Karush-Kuhn-Tucker Conditions

The Karush-Kuhn-Tucker (KKT) conditions, sometimes referred to as the Kuhn-Tucker conditions, are the conditions that a Nonlinear Programming problem need to meet in order to be optimal.  The KKT conditions extends the method of Lagrangian multipliers by allowing for inequality constraints, as opposed to the Lagrange Multipliers which only allow equality constraints.

Let us consider a nonlinear optimization problem:

Minimize f(x)
subject to:g_{i}(x)\leq 0 \\ h_{j}(x) = 0

We will let x^{*} represent a relative minimum point for our problem, which also satisfies some constraint qualification.

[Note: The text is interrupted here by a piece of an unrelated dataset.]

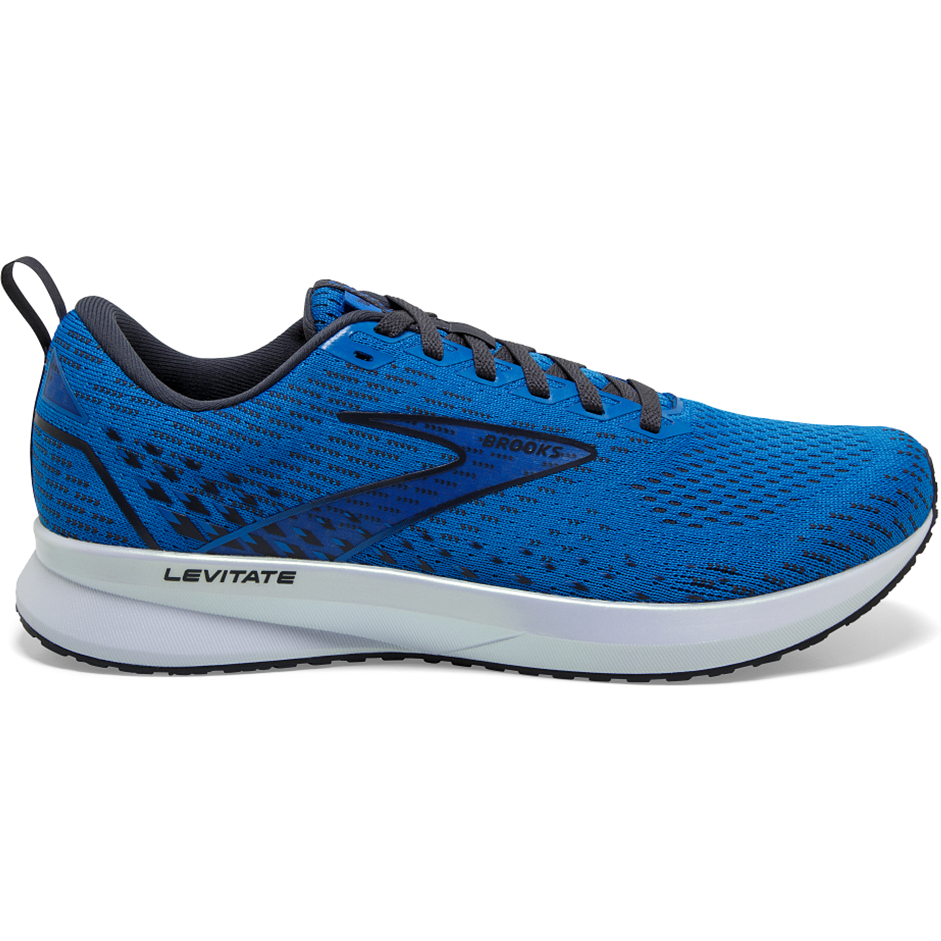 Men's Brooks Levitate 5, Blue/India Ink/White, 12 D Medium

With this, then we can assume that for every element there exists a vector \lambda_j \left ( j = 1, \ldots, l \right ), where l represents the number of equality constraints, and \mu_i\left ( i = 1, \ldots, m \right ), where m represents the number of inequality constraints. These constants, \lambda_j and \mu_i, are called KKT multipliers.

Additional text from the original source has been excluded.